If we performed one block of this design perhaps because we could not complete 27 runs in one day - we might be able to accommodate nine runs per day. So perhaps on day one we use the first column of treatment combinations, on day two we used the second column of treatment combinations and on day three we use the third column of treatment combinations. This would conclude one complete replicate of the experiment. We can then continue a similar approach in the next three days to complete the second replicate. So, in twelve days four reps would have been performed.
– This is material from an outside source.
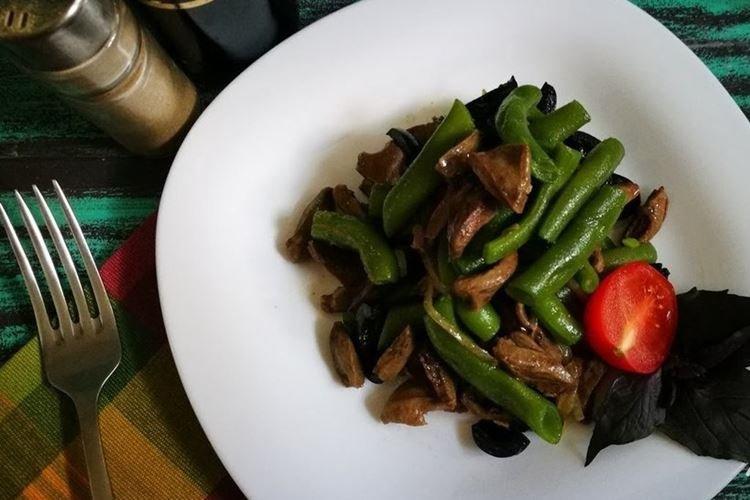 Chicken Heart and Green Bean Salad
How would we analyze this? We would use the same structure.
AOV | df |
---|---|
\(Rep\) | 4 - 1 = 3 |
\(ABC = Blk\) | 2 |
\(Rep \times ABC\) | 6 |
\(A\) | 2 |
\(B\) | 2 |
\(C\) | 2 |
\(A \times B\) | 4 |
\(A \times C\) | 4 |
\(B \times C\) | 4 |
\(A \times B \times C\) | 6 |
\(AB^{2}C\) | 2 |
\(ABC^{2}\) | 2 |
\(AB^{2}C^{2}\) | 2 |
Error | 72 |
Total | 108 - 1 = 107 |
We have (4 - 1) or 3 df for Rep, ABC is confounded with blocks so the ABC component of blocks has 2 df, the Rep by ABC (3*2) has 6 df. In summary to this point we have twelve of these blocks in our 4 reps so there are 11 df in our inter-block section of the analysis. Everything else follows below. The main effects have 2 df, the two-way interactions have 4 df, and the \(A\times B\times C\)would have 8 df, but it only has 6 df because the ABC component is gone, leaving the other three components with 2 df each.
Error will be the unconfounded terms times the number of reps -1, or 24 × (4 - 1) = 72.
Likewise, \(L_{AB^2 C}=X_{1}+2X_{2}+X_{3}\ (mod 3)\) can also be defined as another pseudo component in a similar fashion.